Io lo voglio ricordare con alcune delle parole che nel 1999 mi regalò per il mio libro “Trama e ordito, mamme che tessono la vita”:

I miei genitori appartenevano
a quella categoria di persone
che ritiene talmente di non valere nulla,
che sembra sempre

chiedere scusa di esistere.

Ciao, don Oreste, hai lasciato una grande eredità.

Da “Trama e ordito, mamme che tessono la vita”
L’amarcord di don Oreste: una chiacchierata su tela e mamme.

Don Oreste Benzi è nato nel 1925 a San Clemente, un piccolo paese collinare a 20 chilometri da Rimini, da una povera famiglia di operai, settimo di nove figli. E’ entrato in seminario a 12 anni. Ordinato sacerdote nel 1949, ha vissuto e vive tuttora un’intensa esperienza di “prete di strada”. Sempre in mezzo agli ultimi: handicappati, tossicodipendenti, prostitute, ammalati psichiatrici. E’ il “don” della comunità “Papa Giovanni XXIII” (166 case-famiglia e 27 comunità terapeutiche sparse in tutto il mondo).
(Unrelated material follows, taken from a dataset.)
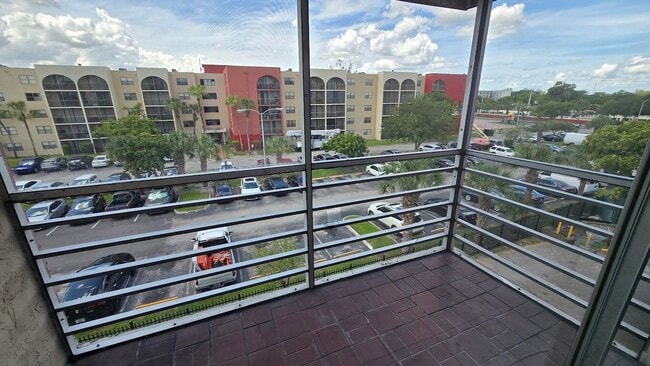 Building Photo - 2800 NW 56th Ave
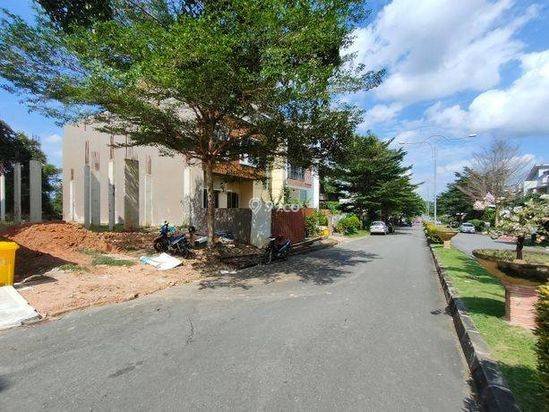 2 UNIT KAVLING SUKAJADI BOULEVARD VIEW GOLF, HARGA DIBAWAH PASARAN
Sì, anche mamma Rosa ha fatto tanta tela, nella sua vita. La ricordo con la connocchia in mano, nelle veglie operose, d’inverno, al caldino della stalla. Per tessere, si avvaleva del telaio comune che c’era a San Clemente: era troppo povera per averne uno tutto suo! Ricordo che i fasci di canapa venivano portati a macerare nel fiume Conca… Era sempre allegra, mia mamma. Cantava spesso, anche nelle avversità. Ripeteva: “Non si muove foglia, che Dio non voglia”. Mamma Rosa e babbo Achille ci hanno insegnato ad affrontare la vita con gioia. Quand’ero piccolo mi piaceva fare i lavori di campagna. Al mattino mi alzavo presto, verso le cinque, per andare a fare l’erba per i conigli e per la mucca. Poi andavo a lavorare con il babbo e con la mamma nel piccolo campo che avevamo. Ci si svegliava nella gioia e si viveva nella gioia, in una grande povertà. Quando il babbo andava a lavorare, al suo ritorno noi gli andavamo sempre incontro sulla strada principale che, attraverso un sentiero, portava a casa. Delle volte capitava che riportasse a casa quel po’ di cibo che si era portato dietro al lavoro: per noi era gran festa! Spesso non c’era nulla da mangiare: ricordo solo il pianto, la sera, perché avevamo fame. Allora lo dicevamo alla mamma e lei faceva scomparire anche la sofferenza per il poco cibo. I periodi brutti in casa erano quando il babbo non trovava lavoro e perciò non c’erano i soldi per comperare il grano da portare al mulino per fare la farina. Il babbo, in quei periodi, andava tutti i giorni a cercare lavoro. Per lui era un incubo tornare a casa e dire: “Non l’ho trovato”. Sono i ricordi più dolorosi della mia vita: da quelle esperienze nasce il mio senso della giustizia. Ricordo la parola (signoracci). Erano i proprietari terrieri, chiamati così in senso dispregiativo (“loro hanno tutto, noi non abbiamo niente”). Nella mia mente di bambino i formavano una casta: quelli che possono tutto, padroni della vita degli altri. I miei genitori, invece, appartenevano a quella categoria di persone che ritiene talmente di non valere nulla, che sembra sempre chiedere scusa di esistere. Quando incontro il povero, l’ultimo, il disperato, il barbone della stazione, la prostituta, in me si rifà presente l’immagine dei miei che pensavano di non valere nulla. Per questo non mi metto mai dalla parte dei potenti, ma dalla parte dei “nessuno”, di quelli che la società non fa esistere.